Introduction: This section introduces your problem, motivation, and the overall plan. It should describe your problem precisely specifying the dataset to be used, expected results and evaluation.
Related work: A literature survey of past work on this topic. Introduce the baselines you will compare to and the weakness you plan to address. You should also describe what data will you use. If you are collecting new datasets, how do you plan to collect them? If the datasets are huge what compute resources are you using?
Technical Approach: Describe the methods you intend to apply to solve the given problem. If there are existing implementations, will you use them and how? How do you plan to improve or modify such implementations?
Evaluation Metric: How will you evaluate your results? Qualitatively, what kind of results do you expect (e.g. plots or figures)? Quantitatively, what kind of analysis will you use to evaluate and/or compare your results (e.g. what performance metrics or statistical tests)?
Preliminary Results: Share any preliminary results if you have them.

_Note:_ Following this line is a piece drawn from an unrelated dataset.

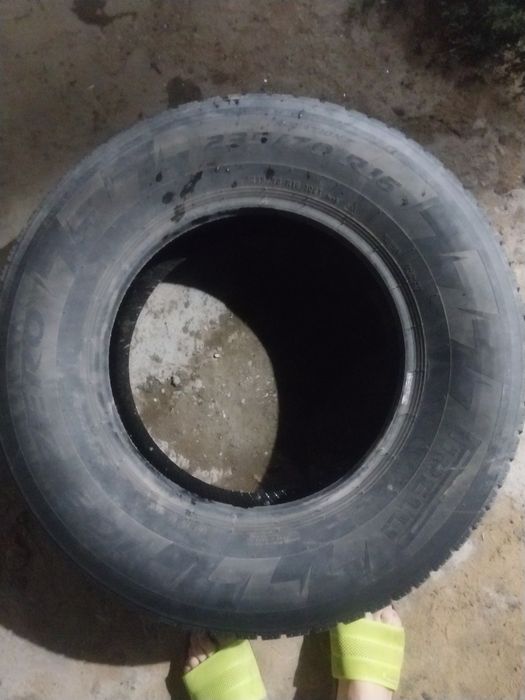Продам шину 235/70/16зимний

Submission: Please upload a PDF file to Gradescope. Please coordinate with your teammates to submit under one of your accounts and add your teammates to the submission. If there are multiple submissions from a group we will grade one randomly.

Final Submission

Your final write-up should be between 6-8 pages using the same template as the milestone report (pdf, latex source) and fully flesh out the sections in the milestone. After the class, we may post all the final reports online so that you can read about each others' work. If you do not want your writeup to be posted online, then please let us know at least a week in advance of the final writeup submission deadline.

Project Presentation

We will either have a presentation or poster toward the end of the class. More details on the presentation format will be provided later in the semester.

Collaboration Policy

You can work in teams of 2 or 3 people. Individual projects or larger group sizes are permitted only in exceptional circumstances (e.g., remote students, etc) and need prior permission from the instructor. We do expect that projects done with 3 people have more impressive writeup and results than 2 person projects.

Honor Code

You may consult any papers, books, online references, or publicly available implementations for ideas and code that you may want to incorporate into your strategy or algorithm, so long as you clearly cite your sources in your code and your writeup. However, under no circumstances may you look at another group’s code or incorporate their code into your project.